# Epic 27 motor mystery



## NH4012 (Aug 4, 2014)

A woman whose husband was involved with powerful model motors passed away and she's asked me to sell many things for her including several flats of Epic 27 motors sans brushes and several flats of armatures that I believe fit the same model motors. As far as I know, all of these items are new old stock, never used. I could use some help identifying these and perhaps moving them. Each motor measures 2-3/4" in length and 1-3/8" in diameter.


----------



## ta_man (Apr 10, 2005)

I believe those motors are P2K2, not P2K. P2K had copper colored can, P2K2 (the ones I have) had the black can. P2K2 had more RPM than P2Ks.

Sending you a PM.


----------



## swtour (Oct 8, 2001)

Those are 27 Turn "Brushed" motors - size is what is known as 540

TRINITY/EPIC was the company who built them - this are unlabeled so I'd assume they were bought by a motor tuner, or bought to be used as a "HANDOUT" motor for a big race...

The EPIC 27 motors are what was known as "STOCK" motors in the days of running Brushed type motors.

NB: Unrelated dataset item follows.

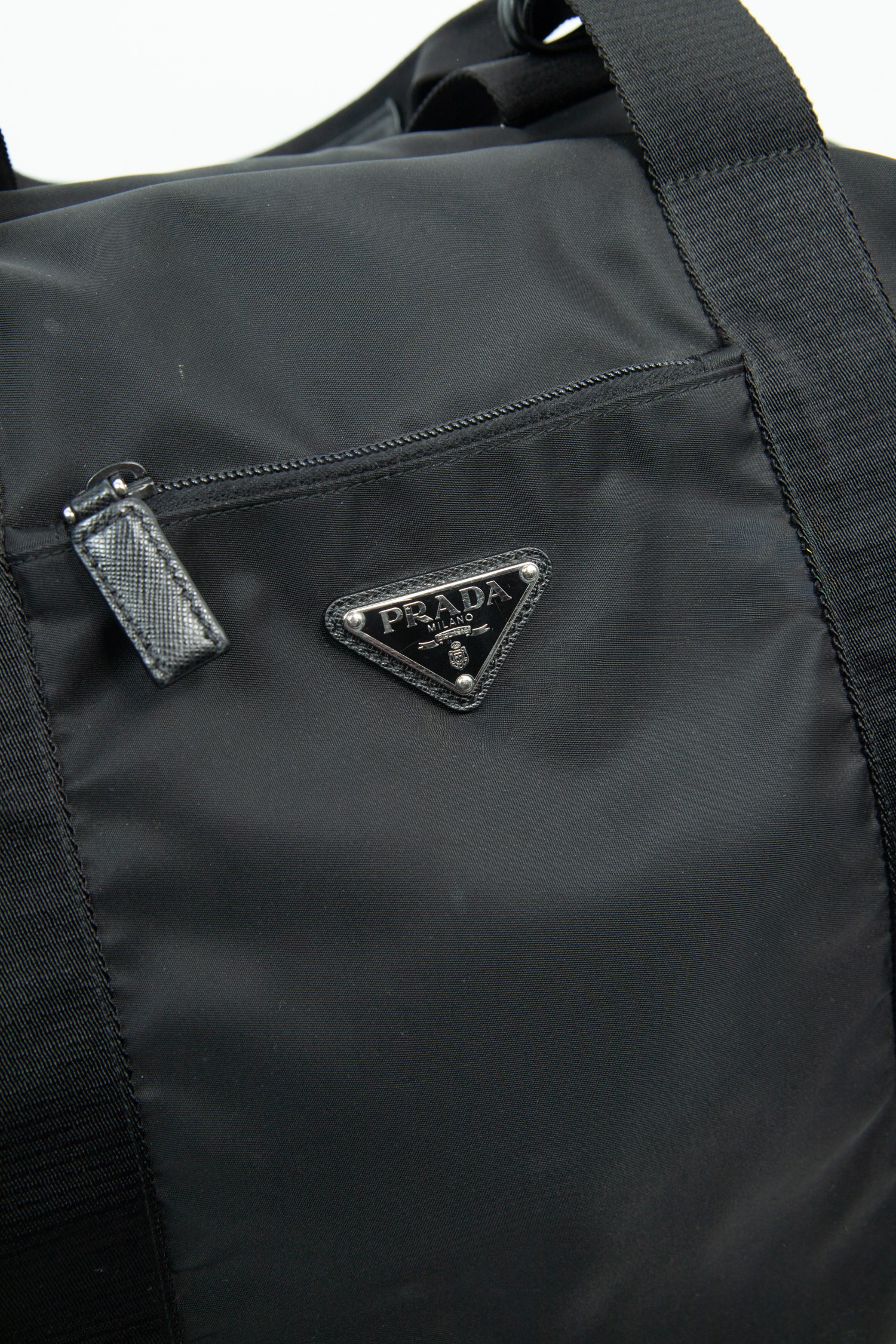 Prada "Seesack" Weekender aus Re-nylon in Schwarz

The flat of Armatures are Hand Wound and would not be used in these "Stock" cans, but the cans they would be used in are pretty similar except the endbell has movement to adjust timing (where as the STOCK motors were fixed timing) 

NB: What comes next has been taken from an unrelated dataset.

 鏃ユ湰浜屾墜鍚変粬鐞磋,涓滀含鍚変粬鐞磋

The Armatures appear that some are DRILL Balanced ,and some are EPOXY Balanced

The numbers ie: 11x6 or 15x2 is the number of "Winds" the particular armature (Arm) has, and how many strands of wire is used in those winds.

Generally the lower that first number - the HIGHER the motors RPM will be, and usually more power. (as mentioned above - the "STOCK" motors are 27 turn or winds) 

I notice when mousing over the image, I get the image name rossey motor parts - 

Were these from Kim Rossey / ESP (Elite Speed Products) ?

If so, I ran Kim's stuff for a couple years, both his Motors and Batteries...and he was one of my FIRST SPONSORS when I started the South-West Tour R/C Series.


----------



## DJ1978 (Sep 26, 2001)

What race series where these hand out motors for? Was it MARS in Michigan?


----------